A total of 27 patients underwent emergency surgery at Sant’Anna University Hospital in Ferrara during the first month of the lockdown. This represents a 41.3% reduction in the number of patients who were hospitalized and underwent emergency surgery compared to the same period in 2019. The complication rate during the pandemic period was substantially higher than it was during the analogous period in 2019: 15 out of 27 cases from March 9 to April 9, 2020 (55) vs 17 out of 46 cases from March 9 to April 9, 2019 (36.9). Of the 27 patients who underwent emergency surgery during the pandemic, 10 were screened for COVID-19 using both thorax high resolution computerized tomography and a naso-pharyngeal swab, while 9 only underwent thorax high resolution computerized tomography. Only 1 patient tested positive for SARS-CoV-2 and died following surgery.

CONCLUSION

There was a significant reduction in emergency surgeries at our center during the COVID-19 pandemic, and it is plausible that there were analogous reductions at other centers across Italy.

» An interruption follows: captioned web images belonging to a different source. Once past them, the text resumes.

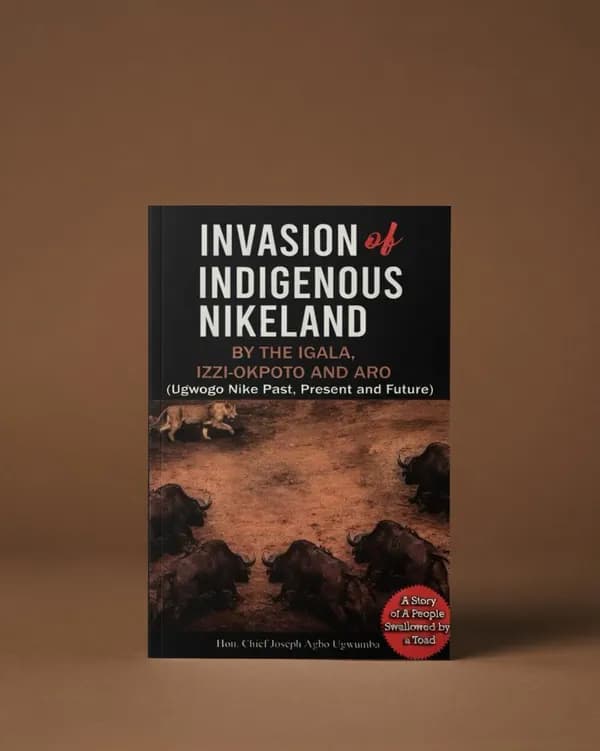 Invasion of Indigenous Nikeland by the Igala, Izzi-Okpoto and Aro cover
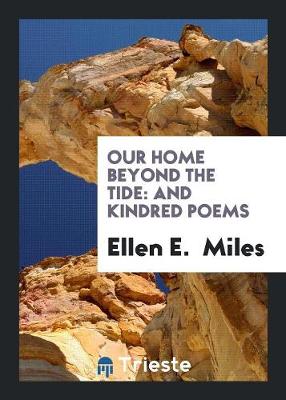 Our Home Beyond the Tide: And Kindred Poems (Paperback)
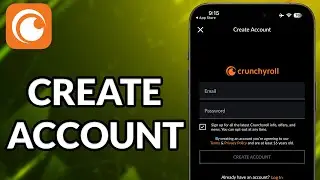 How To Create Crunchyroll Account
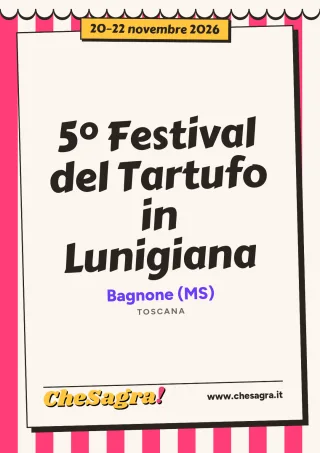 5° Festival del Tartufo in Lunigiana a Bagnone, 20–22 novembre 2026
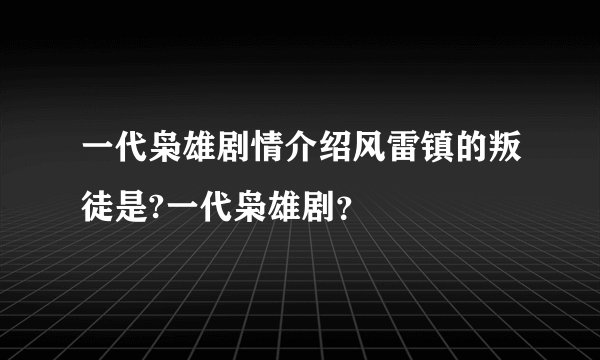 一代枭雄剧情介绍风雷镇的叛徒是?一代枭雄剧?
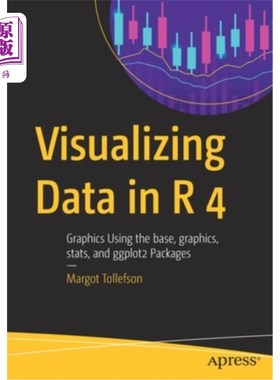 海外直订Visualizing Data in R 4: Graphics Using the Base, Graphics, Stats, and Ggplot2 P 在r4中可视化数据:使用基础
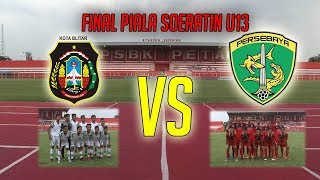 Final Piala Soeratin U13 ~ PSBK VS  PERSEBAYA ~ 12 NOVEMBER 2018.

Keywords: COVID-19, Emergency surgery, Outbreak

Core tip: The current coronavirus disease 19 pandemic is changing the organization of health care and has had a direct impact on the management of surgical patients. In this article, we highlight how this outbreak could change the flow of surgical patients for many reasons, compared to the same period before pandemic in the main University hospital with an urban population. Data were retrospectively collected using SAP (Systeme, Anwendungen, Produkte in der Datenverarbeitung) database and the Ormaweb (Dedalus Spa) operating registry. There was a significant reduction in emergency surgeries at our center and it is plausible that an analogous reduction will occur in other hospitals.